Schwäbische Zeitung (Laupheim)
Die Mobilität weiter denken
Die deutsche Autoindustrie hat größere Probleme zu meistern als den Umstieg von Verbrennungsmotoren auf den Elektroantrieb. Die drei großen Hersteller, BMW, Mercedes und VW, kontrollieren nach aktuellen Analystenschätzungen zusammen mit ihren Zulieferern und Händlern in Deutschland rund 85 Prozent der Wertschöpfungskette des Automobils. Dieser Anteil droht bis 2030 auf 50 Prozent zu sinken, wenn Mobilitätsdienstleister wie Uber, Google oder Apple autonom fahrende Taxis massentauglich machen.
Die Elektrifizierung der Modellpalette von BMW, VW und Daimler, die zwischen 2021 und 2025 erreicht werden soll, ist richtig und notwendig. Doch das Wachstum findet woanders statt, wenn sich nur wenige Jahre später jeder jederzeit und überall per App eine Fahrgelegenheit besorgen kann. Es muss ja nicht das fliegende Taxi wie in Dubai sein, aber allein in Europa sollen in diesem Segment Wachstumsraten von jährlich 25 Prozent möglich sein.
Mag sein, dass diese Entwicklung nicht ganz so schnell voranschreitet. Trotzdem ist es fraglich, ob sich ein Verkehrsmittel mit einer Auslastung von unter zehn Prozent, also der private Personenkraftwagen, noch einige Dekaden erfolgreich am Markt halten kann.
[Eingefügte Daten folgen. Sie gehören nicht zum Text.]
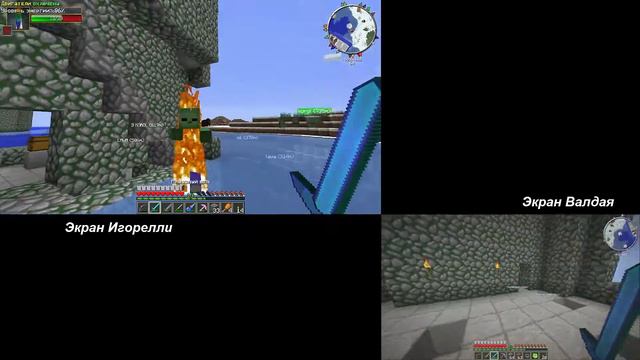 Minecraft 1.5.2 Technic Hell [Season 2][Split Screen] (Серия 84) "Походу кто-то рукожоп XD" смотреть онлайн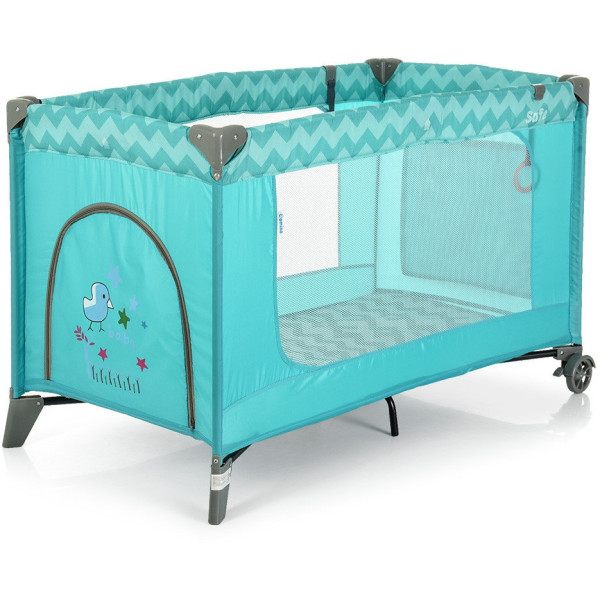 

Манеж El Camino M 1060 Safe Mint Zigzag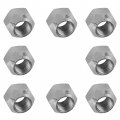 Caltric 8x Rear Wheel Lug Nut Compatible With Polaris Xplorer 250 4x4 2000 2001 2002 1 2-20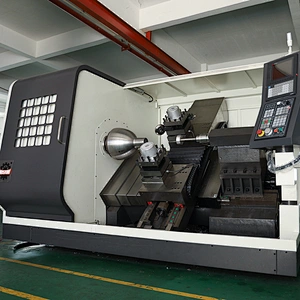 Heavy Duty Double Roller CNC Metal Spinning Machine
Selbst Elektroautoguru Elon Musk, der mit Tesla übrigens nicht auf der IAA in Frankfurt vertreten ist, erweitert mit seinem Hochgeschwindigkeitstransportsystem Hyperloop jetzt schon den Horizont der Mobilität jenseits des E-Autos.
Knapp 46 Millionen Autos sind derzeit auf Deutschlands Straßen unterwegs, bis 2030 wären das bei ähnlichen Wachstumsraten wie bisher bereits über 50 Millionen. Was bringt ein eigenes E-Auto, wenn man damit wieder im Stau steht? Inzwischen, so scheint es, haben die großen deutschen Automobilmarken die Zeichen der Zeit erkannt. Die steigenden Investitionen in Forschung und Entwicklung sowie neue Kooperationen zeigen das. Aber dass Verbrennungsmotoren, allen voran der Diesel, so stark in der Kritik stehen, macht die Finanzierung der Zukunft nicht einfacher.